Sewaktu kami meminta Alkitab kepada para sipir, mereka menjawab, ”Memberi Saksi-Saksi Yehuwa Alkitab sama berbahayanya seperti memberi narapidana alat-alat untuk kabur.” Setiap hari, saudara-saudara yang memimpin memilih satu ayat Alkitab untuk dibahas. Selama setengah jam berjalan bersama setiap hari di halaman, kami lebih tertarik pada ayat harian untuk hari itu ketimbang gerak badan dan udara segar. Kendati kami harus menjaga jarak lima meter dan tidak diizinkan berbicara, ada saja cara untuk saling membisikkan ayat. Sekembalinya ke sel, kami menggabungkan apa yang sanggup didengar oleh kami masing-masing, lalu membahas ayat hariannya.
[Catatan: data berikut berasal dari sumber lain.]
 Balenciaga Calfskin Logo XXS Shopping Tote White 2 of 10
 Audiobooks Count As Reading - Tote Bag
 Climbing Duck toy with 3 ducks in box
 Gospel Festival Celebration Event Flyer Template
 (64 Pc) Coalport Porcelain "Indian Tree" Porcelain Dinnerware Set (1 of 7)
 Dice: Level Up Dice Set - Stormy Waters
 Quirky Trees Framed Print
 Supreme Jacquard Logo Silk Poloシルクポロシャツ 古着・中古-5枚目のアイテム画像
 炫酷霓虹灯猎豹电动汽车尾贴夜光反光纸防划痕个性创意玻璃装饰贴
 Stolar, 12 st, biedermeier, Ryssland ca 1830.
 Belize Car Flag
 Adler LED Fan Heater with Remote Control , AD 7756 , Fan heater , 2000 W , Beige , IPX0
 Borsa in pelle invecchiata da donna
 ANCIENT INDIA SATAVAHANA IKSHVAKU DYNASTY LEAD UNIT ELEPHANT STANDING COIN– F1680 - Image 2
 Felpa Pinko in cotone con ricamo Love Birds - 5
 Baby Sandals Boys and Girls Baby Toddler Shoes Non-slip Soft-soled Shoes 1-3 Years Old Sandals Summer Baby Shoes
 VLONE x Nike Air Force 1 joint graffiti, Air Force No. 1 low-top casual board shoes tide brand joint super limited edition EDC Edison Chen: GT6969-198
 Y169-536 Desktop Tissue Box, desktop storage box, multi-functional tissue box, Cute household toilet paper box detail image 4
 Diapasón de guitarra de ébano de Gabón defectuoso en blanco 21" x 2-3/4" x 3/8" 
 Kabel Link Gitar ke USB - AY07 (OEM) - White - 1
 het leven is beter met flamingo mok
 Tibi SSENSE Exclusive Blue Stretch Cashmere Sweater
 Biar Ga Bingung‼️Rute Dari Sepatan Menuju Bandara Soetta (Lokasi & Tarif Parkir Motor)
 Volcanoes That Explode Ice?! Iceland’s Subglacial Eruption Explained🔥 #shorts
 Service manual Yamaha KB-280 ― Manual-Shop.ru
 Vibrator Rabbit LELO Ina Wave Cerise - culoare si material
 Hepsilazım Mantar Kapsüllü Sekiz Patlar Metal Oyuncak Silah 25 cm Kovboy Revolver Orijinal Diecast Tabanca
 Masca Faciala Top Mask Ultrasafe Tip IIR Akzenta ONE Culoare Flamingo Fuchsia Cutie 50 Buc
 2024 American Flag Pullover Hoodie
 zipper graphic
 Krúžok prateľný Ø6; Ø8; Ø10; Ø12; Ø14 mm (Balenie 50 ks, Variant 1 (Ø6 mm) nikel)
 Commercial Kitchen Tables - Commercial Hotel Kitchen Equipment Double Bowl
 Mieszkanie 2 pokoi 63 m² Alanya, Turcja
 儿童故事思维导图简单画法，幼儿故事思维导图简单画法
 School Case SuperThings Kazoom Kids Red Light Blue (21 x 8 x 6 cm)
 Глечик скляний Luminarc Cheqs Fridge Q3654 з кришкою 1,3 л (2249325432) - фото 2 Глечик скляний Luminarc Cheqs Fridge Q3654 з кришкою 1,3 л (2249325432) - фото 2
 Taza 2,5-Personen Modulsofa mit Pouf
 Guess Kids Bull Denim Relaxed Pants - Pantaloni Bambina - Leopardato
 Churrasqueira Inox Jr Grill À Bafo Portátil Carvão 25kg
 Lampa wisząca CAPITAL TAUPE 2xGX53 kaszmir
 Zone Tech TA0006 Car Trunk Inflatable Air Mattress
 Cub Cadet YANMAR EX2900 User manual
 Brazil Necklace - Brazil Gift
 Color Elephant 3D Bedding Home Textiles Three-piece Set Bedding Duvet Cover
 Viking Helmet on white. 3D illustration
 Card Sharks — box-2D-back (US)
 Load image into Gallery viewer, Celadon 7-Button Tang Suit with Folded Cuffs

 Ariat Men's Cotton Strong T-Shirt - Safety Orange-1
Akhirnya, seorang informan membocorkan kegiatan kami, dan saya ditempatkan di sel khusus. Syukurlah pada saat itu saya telah menghafal ratusan ayat Alkitab di luar kepala! Saya dapat mengisi hari-hari sepi itu dengan merenungkan berbagai pokok Alkitab. Kemudian, saya dipindahkan ke penjara lain, tempat seorang sipir menaruh saya satu sel dengan dua Saksi lain dan—yang paling menyenangkan—ia memberi kami sebuah Alkitab. Setelah enam bulan di sel khusus, saya bersyukur dapat kembali membahas pokok-pokok Alkitab dengan rekan-rekan seiman.
Adik saya, Peter, menggambarkan apa yang membantunya bertekun di penjara lain, ”Saya membayangkan kehidupan dalam dunia baru dan menyibukkan pikiran dengan pokok-pokok Alkitab. Kami, Saksi-Saksi, saling menguatkan dengan mengajukan pertanyaan-pertanyaan atau menguji pengetahuan Alkitab. Kehidupan memang tidak mudah. Kadang-kadang, kami 11 orang dijejalkan ke dalam ruang berukuran kira-kira 12 meter persegi. Di sana, kami harus melakukan segalanya—makan, tidur, membasuh diri, bahkan buang hajat. Kami menjadi gelisah dan sensitif.”
Jochen, adik saya yang lain, menceritakan pengalamannya di penjara, ”Saya menyanyikan lagu-lagu yang dapat saya ingat dari buku nyanyian kita. Setiap hari, saya merenungkan ayat yang saya ingat. Setelah bebas, saya terus mengikuti rutin pengajaran rohani yang baik. Tiap hari, saya membaca ayat harian bersama keluarga. Kami juga mempersiapkan semua bahan perhimpunan.”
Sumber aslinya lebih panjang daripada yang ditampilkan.